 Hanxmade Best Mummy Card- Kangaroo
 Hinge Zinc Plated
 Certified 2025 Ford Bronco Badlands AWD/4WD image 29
════════════════════
# INSTRUCTIONS TO FOLLOW
Exactly the lines from the one containing "Hinge Zinc Plated" through the end of the listing above, inclusive, are to be written out, and no others.

# RESULT FOR THIS TASK
 Hinge Zinc Plated
 Certified 2025 Ford Bronco Badlands AWD/4WD image 29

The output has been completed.